SyntaxError: Identifier 'lang' has already been declared. This existed from the moment the workflow was created. It had never successfully run once.

The fix:

# 1. Fix SyntaxError — 1 Edit
const lang = file.includes('-en.') ? 'en' : 'ko'
const effectiveLang = frontmatter.lang || lang  # renamed

# 2. Move file to the correct trigger path
cp blog-factory/devto/claude-agent-sdk-deep-dive-en.md \
   src/content/blog/claude-agent-sdk-deep-dive-en.md

# 3. Push to main → workflow triggers automatically
git push origin main

The Claude Agent SDK post published immediately. The Harness CI/CD post hit a 429 rate limit and required a manual gh workflow run to clear.

There’s an irony: 21 Bash commands spent hunting for a local API key is what forced the pivot to GitHub Actions — which is what exposed the SyntaxError. The dead end revealed the bug.

4 Zombie Telegram Processes Causing 409 Conflicts

The Telegram bot wasn’t responding. Sessions 12 through 16 were consumed by this single problem.

The initial assumption was configuration. Token, DM policy, allowlist — all correct. The getUpdates API responded normally. Messages still weren’t arriving.

The server logs told the real story:

409 Conflict: Terminated by other getUpdates request;
make sure that only one bot instance is running

Every time a Claude Code session restarts, the Telegram MCP server spawns a new process. Previous processes don’t always terminate cleanly. Running ps aux | grep "bun server.ts" showed 4 processes running simultaneously. The Telegram Bot API allows only one active getUpdates connection — with 4 competing instances, messages were split across them or dropped entirely.

# Kill all zombie processes
kill -9 20895 21043 21156 21289

After cleanup, /reload-plugins brought the bot back to normal. 6 sessions, 46 Bash commands, 20 Read calls.

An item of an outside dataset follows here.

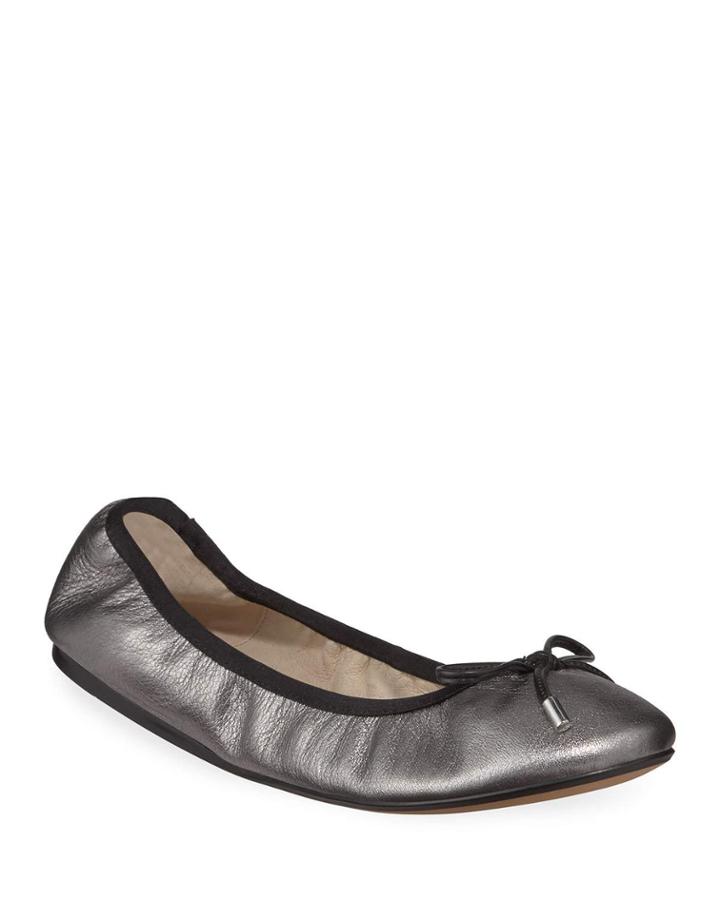 Saturn Leather Ballerina Flats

In environments where Claude Code sessions restart frequently, MCP server zombie processes accumulate. When a bot connection stops working and the config looks fine, run ps aux | grep before touching anything else.

Tool Usage Breakdown

Total: ~700 tool calls
- Bash:     ~230 (33%) — deploys, exploration, process management
- Read:     ~180 (26%) — understanding code
- Edit:      ~50  (7%) — actual code changes
- WebFetch:  ~53  (8%) — Naver blog parsing
- Write:     ~16  (2%) — creating new files
- Agent:     ~21  (3%) — sub-agent delegation

Bash and Read together account for 59%. Exploration and verification took significantly more effort than implementation. 50 Edit calls across 26 files — roughly 2 edits per file on average.

What This Session Taught

Always verify GitHub Actions workflows actually run. After creating a workflow, check gh run list immediately to confirm it succeeded. A workflow with a SyntaxError fails silently on every trigger — no notification, no alert, no indication anything is wrong.

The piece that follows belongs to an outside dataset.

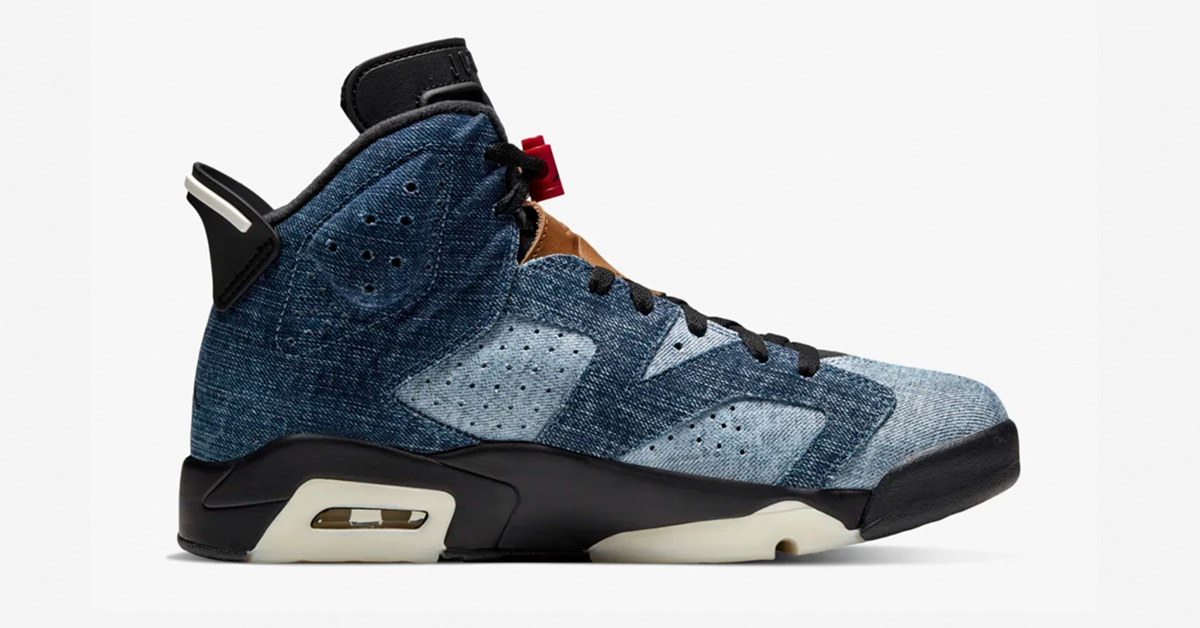 Nike Air Jordan 6 Washed Denim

When an MCP plugin stops responding, check for duplicate processes first. Even if the config is correct and the API responds, if the bot is dead, ps aux before anything else.

immutable cache belongs only on content-hashed paths. Putting it on a generic path like /images/ means file replacement is impossible without a URL change.

The most expensive bugs here weren’t complex logic errors. They were a one-line duplicate variable declaration and a misconfigured HTTP header — both invisible during normal development because they only manifest at runtime: one in CI, one in a browser with a warm cache.